The objective is simple and straight: we need net positive progress to save all life on Earth.

The Global Biodiversity Framework must be implemented to deliver more nature at the end of this decade than at the start.

I call on scientists, negotiators and decision-makers: maintain your ambition for harmony.

Not harmony with nature. We are part of nature. It should be harmony in nature, to where we belong.

I urge you to keep crisis management and transformation in mind.

We must learn from our failure to reach the Aichi targets.

GBF should yield quantum leaps in global biodiversity governance and cooperation.

I call upon you to agree on a strong science-based follow-up mechanism at COP15.

For moving forward, I suggest four directions:

First, take a human rights-based approach to the issues of biodiversity loss.

I summon governments, civil society, the private sector, the international finance institutions to embed human rights into their guidelines and operations.

We all should respect, protect and fulfil these rights, including the right to a clean, healthy and sustainable environment, and especially the rights of those in vulnerable situations, indigenous peoples and local communities.

Second, address the economic drivers behind so-called “biodiversity negative” behaviours. Chief among them: our unsustainable habits.

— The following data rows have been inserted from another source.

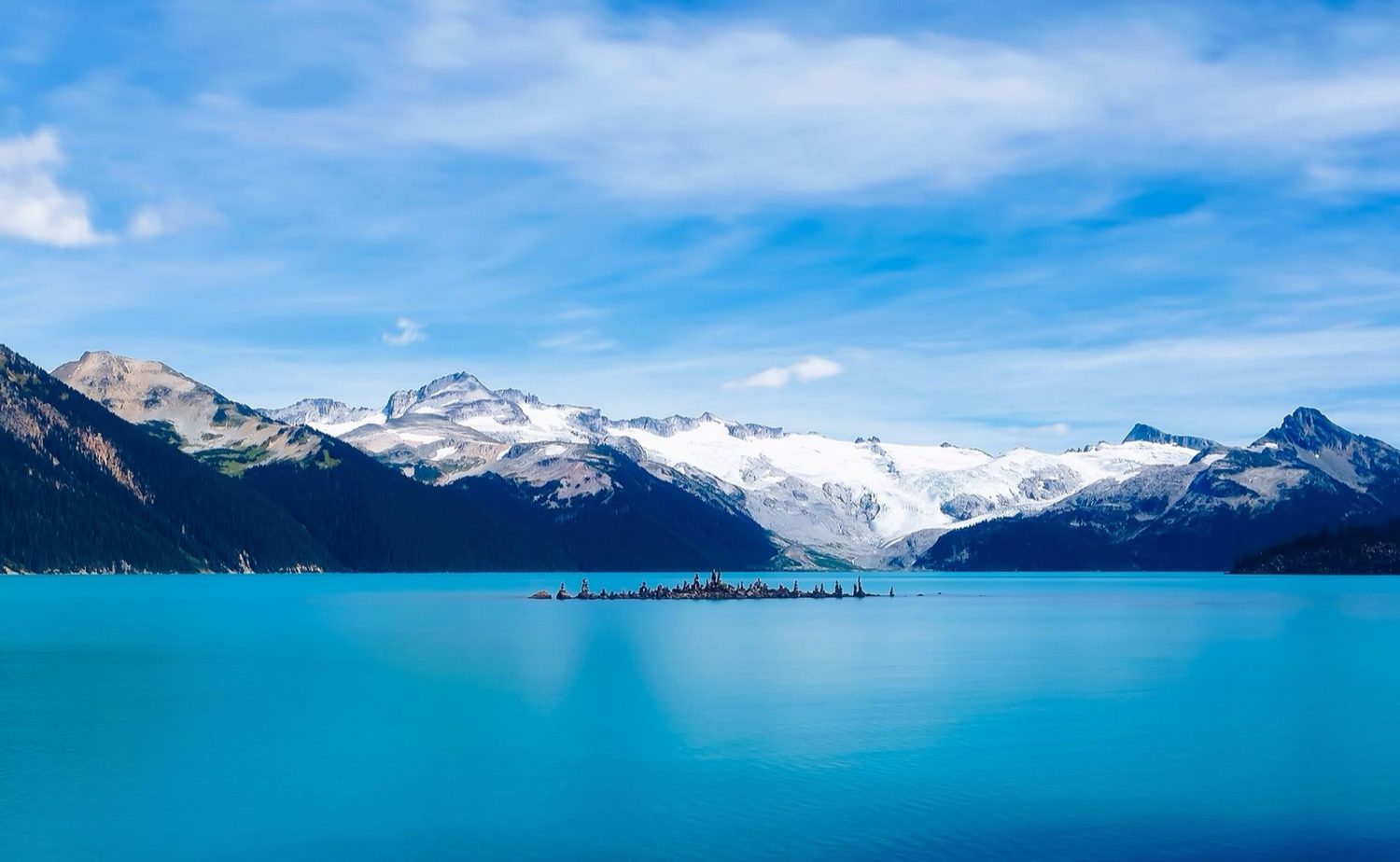 A turquoise alpine lake below snow-streaked mountains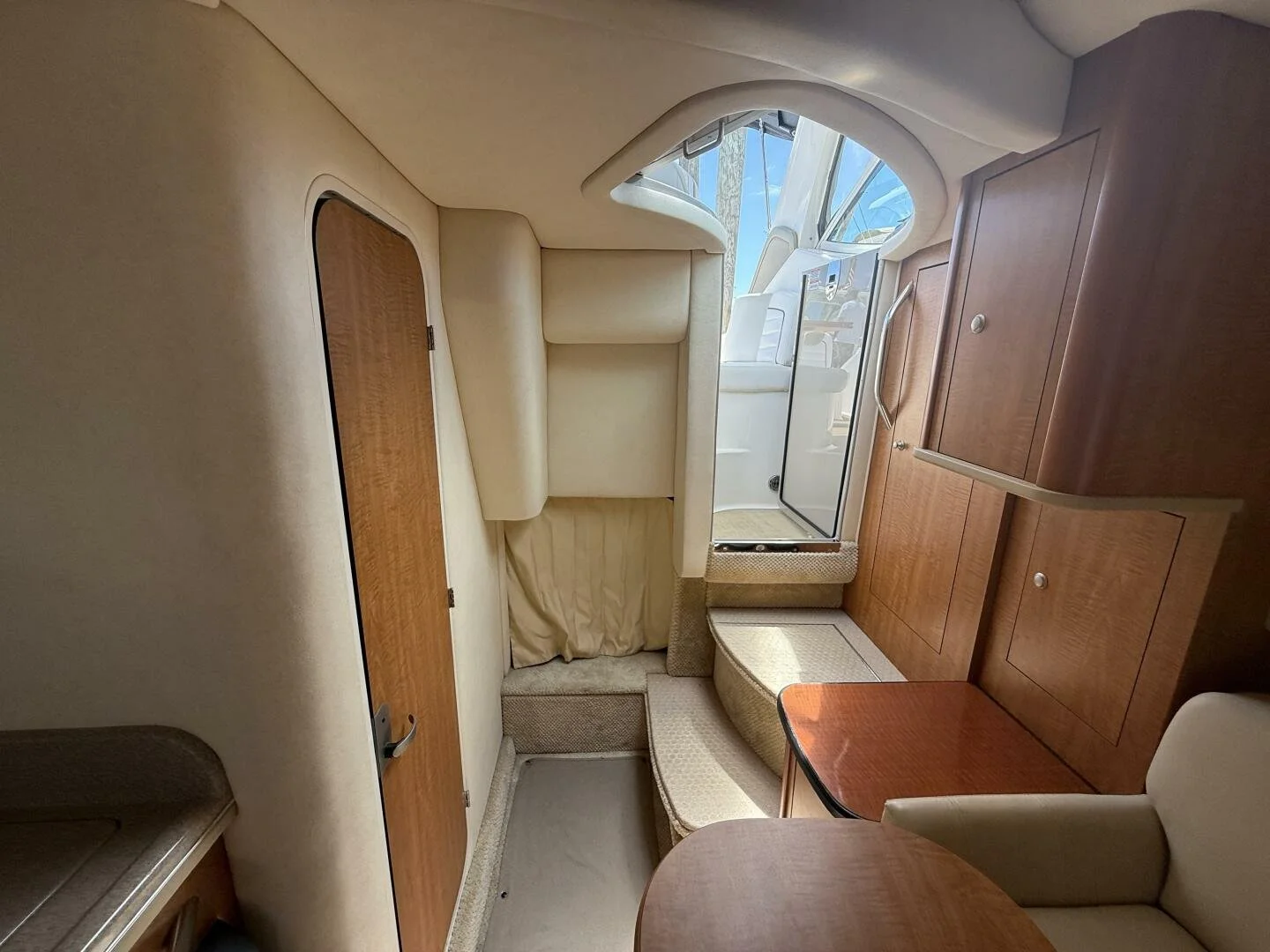 Interior of a compact boat cabin with beige and wood furnishings, a window with a view outside, and a door leading to the exterior deck. Sea Ray Sundancer.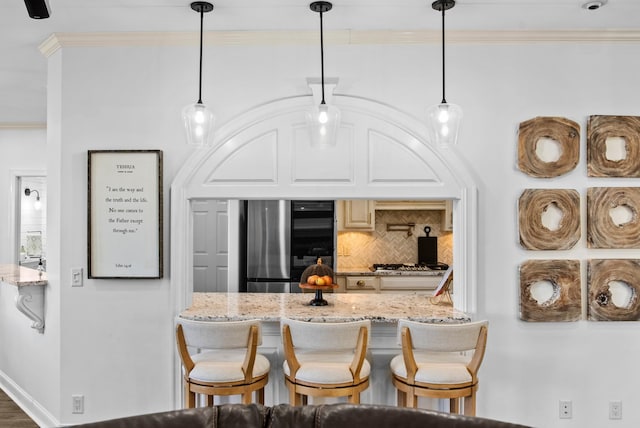 kitchen with crown molding, a breakfast bar area, backsplash, appliances with stainless steel finishes, and light stone countertops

Our greed. Our selfishness. Our short-sightedness, the global myopia.

I encourage you to tackle the root causes of biodiversity loss by transforming the ways we produce, consume, trade, transport.

We also need radical changes to what we subsidize or and incentivize.

I urge governments to end harmful subsidies – especially for fossil fuels, non-sustainable agriculture, forestry and fisheries.

Instead, governments should guide businesses to invest in transformation towards circular economy.

I implore global businesses to shoulder social responsibility by mainstreaming biodiversity into their strategies and value chains.

Yes, starting from disclosing their dependency and impact on nature.

Third, prioritize solidarity in financing and capacity building.

The financial flows into nature-based solutions must be doubled every year by 2025 to deal with today’s interlocking global crises.

To succeed, GBF will need a comprehensive resource mobilization package that markedly increases biodiversity financing flow to low- and middle-income nations.

I call on countries to provide new contributions on funding, capacity-building, and biodiversity-friendly technologies.

Fourth, we need reliable new metrics and measurement tools for verification.

How can we justify the full spectrum of our steps – or certify our progress – without a set of accurate metrics to measure the gains and losses of the natural world?

We will have to transform national and global accounting systems, so they reflect the true cost of economic activities on natural capital.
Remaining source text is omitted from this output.